KsTU runs over ’30 programmes’ not accredited by GTEC – Report

The Kumasi Technical University (KsTU) formerly known as Kumasi Polytechnic according to the 2021 Auditor General’s Report is running 32 programmes not accredited by the Ghana Tertiary Education Commission (GTEC).
They include five Master of Technology programmes, nine Bachelor of Technology programmes, 17 Higher National Diploma (HND) programmes and one Diploma programme.
The more than 30 unaccredited programmes came to light when the Public Accounts Committee (PAC) of Parliament began its sitting to consider the 2021 academic year Auditor General’s Report referred to the committee.
The PAC said institutions running unaccredited programmes was an issue that affected students negatively when they later applied to pursue higher programmes at other universities.
The Accounts Committee therefore has urged the Ghana Tertiary Education Commission (GTEC) to consider implementing automatic renewals for ongoing programmes, and to speed up their entire processes.
Public Accounts Committee (PAC) of Parliament also charged the commission to embark on regular monitoring to find out how accreditation was implemented in the universities to avoid setbacks for prospective students.
However, the management of the Ashanti region-based Technical University responding to the Committee said the university was doing everything possible to get the 32 programmes accredited by the Tertiary Education Commission.
“Currently, 16 of them had been accredited, while the other 16 programmes were at various stages of the accreditation process. The accreditation process could take between six months and one year,” the KsTU management told PAC.
The Chairman of the PAC, Dr James Klutse Avedzi, said the Public Committee would invite the GTEC and the universities to find a solution to problems related to the delay in renewing or granting accreditation.

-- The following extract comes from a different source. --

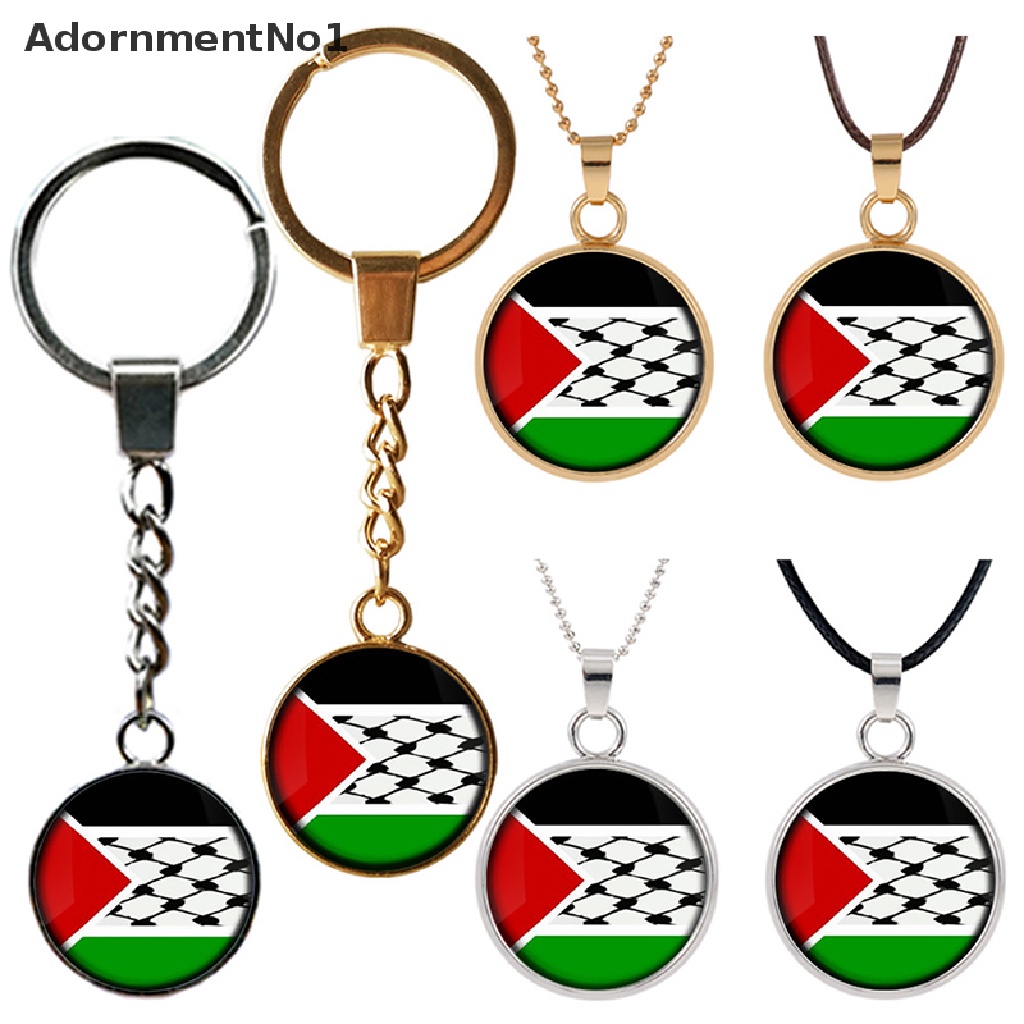 (AdornmentNo1) Kalung Rantai Dengan Liontin Peta Palestine Untuk Unisex / Pria / Wanita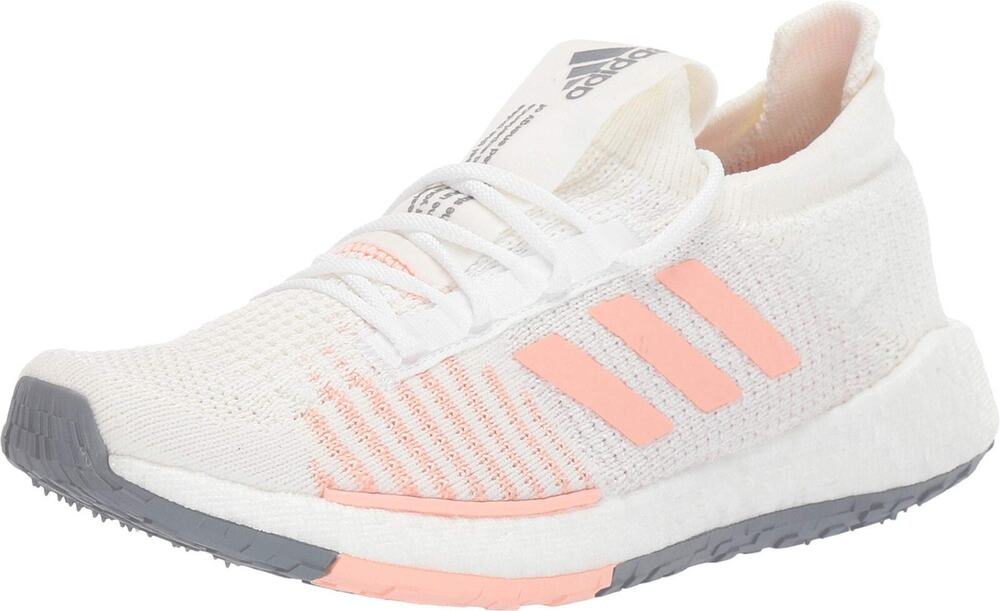 Adidas Women's Pulseboost HD Running Shoes, FU7341, White/Pink, Size 11.5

“There is the need to bring the two bodies together to look at where the problem is and how we can address it, so we don’t examine students on courses and programmes that don’t have accreditation,” he said.
Dr Avedzi said the issue of running unaccredited programmes at the universities was not limited to the Kumasi Technical University (KsTU), but that it was a common phenomenon across the traditional universities in the country.
He said both the universities and the Ghana Tertiary Education Commission (GTEC) were partly to be blamed for the delay in the granting of accreditation to the programmes being run by the institutions.